*Problem requirements:*
Below are entries with pictures among them; reproduce exactly, and only, the lines from the one containing "Hello everyone, if" down to the one containing "The NOW function", without the pictures.

************

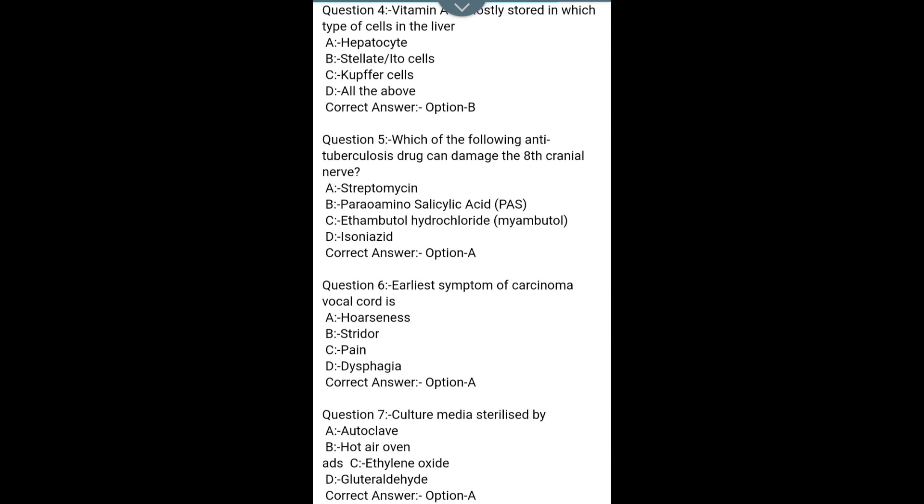Question 5. Which of the following antituberculosis drugs can damage the auditory cranial nerve? A. Streptomycin, B. Para-aminosalicylic acid (PAS), C. Ethambutol hydrochloride (Myambutol), D. Isoniazid. Correct answer: Option A — Streptomycin.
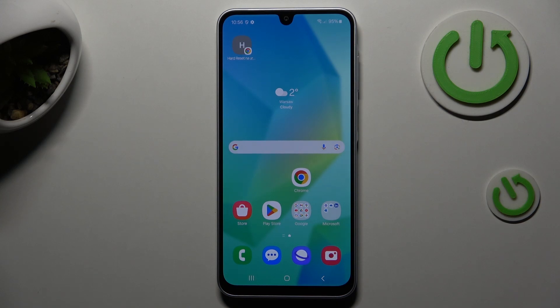Hey guys, welcome to Hardest Info Channel. Today I have the Samsung Galaxy A60 and I want to show you how to clear cache and data on this device.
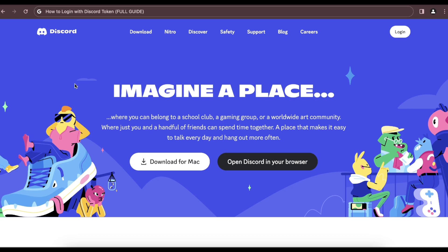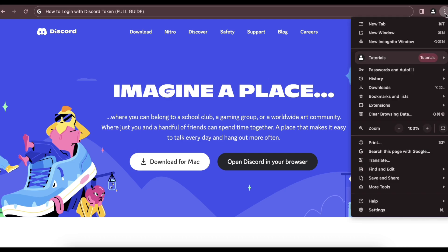So the first step is to open your browser and go to Discord, then click on the three dots in the right corner.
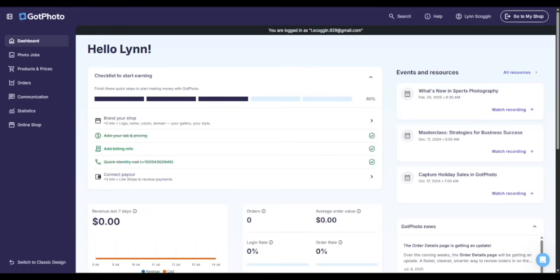Hi, welcome to Got Photo. And in this demo, we'll walk through the photographer's admin area, the central hub for managing all your photo jobs.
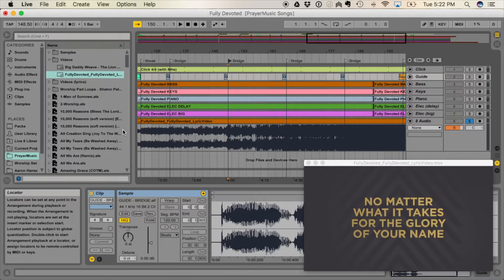Every time you open that Ableton file, it's going to start with the video in a window — not full screen — and it's going to show that window on the main screen, not the second presentation screen. As far as I know, there's not a way to make Ableton default to showing the video on the second screen in full screen.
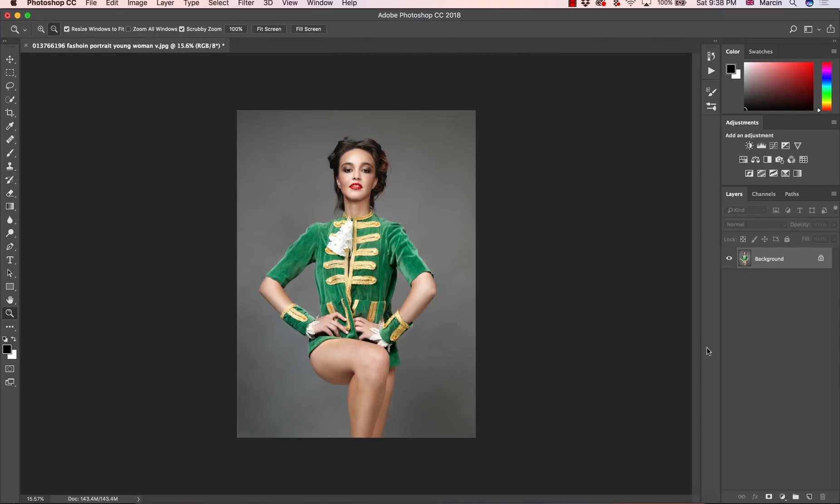Hello everyone, if you are new here my name is Marcin and on this channel I upload Photoshop tips and tutorials. In this video I am going to show you how to change the color of anything within seconds.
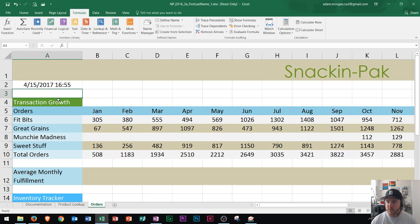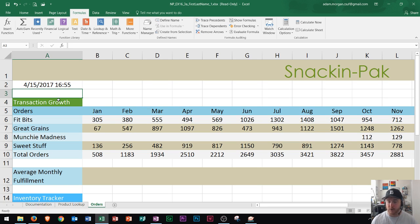The NOW function is useful when you need to display the current date and time on a worksheet, or calculate a value based off of the current date and time and have that value updated each time you open your worksheet.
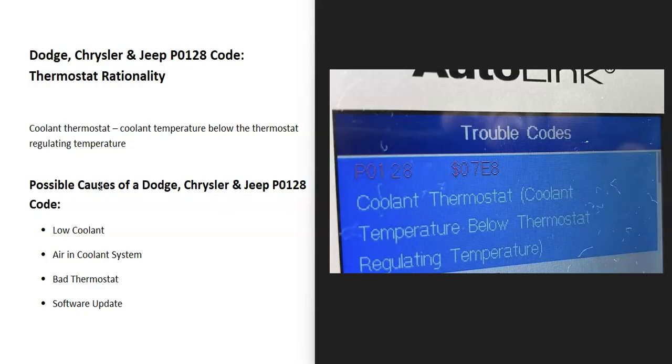What are some possible causes? It could be low on coolant, there could be air in the coolant system, could be a bad thermostat, and it's also possible that the vehicle needs a software update. Although that's not very common, it does happen once in a while. If you check everything else and can't solve this problem, you may need a software update.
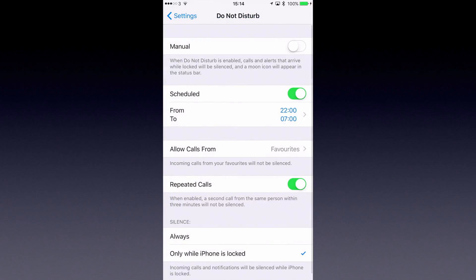Now you can also set up favorites. So if somebody important or member of your friends or family want to call you and they're trying to get hold of you, you can set them up in your favorites so that their calls will get through. If it's in the middle of the night, you're going to get that important call and not miss it.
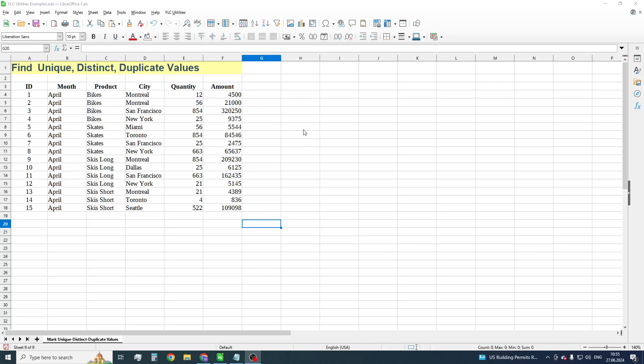So, I'm gonna have a look at how you can get rid of any duplicate data using LibreOffice Calc. In this tutorial we will find out how to find unique, distinct and duplicate values and how to mark them, filter and remove.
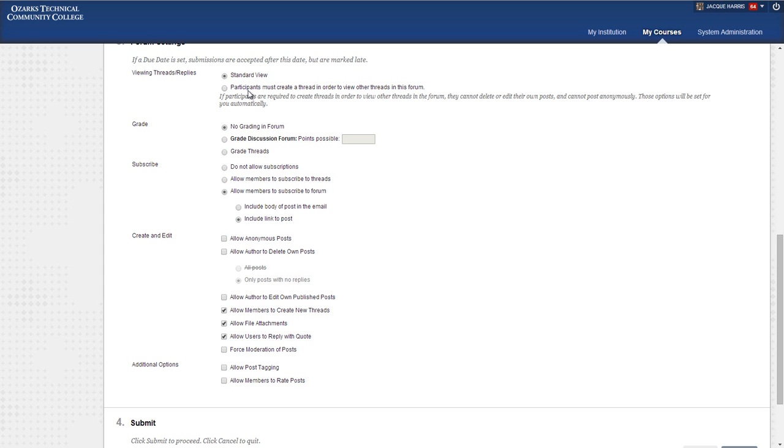What this does, and it has an explanation below, is it will not allow students to see posts that have been made by their classmates until they've made their own original post. This is helpful to prevent students from going in and reading everyone else's post and then gleaning and cobbling together something instead of creating their own response to the discussion topic.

************

*Task output:*
Hello everyone, if you are new here my name is Marcin and on this channel I upload Photoshop tips and tutorials. In this video I am going to show you how to change the color of anything within seconds.
The NOW function is useful when you need to display the current date and time on a worksheet, or calculate a value based off of the current date and time and have that value updated each time you open your worksheet.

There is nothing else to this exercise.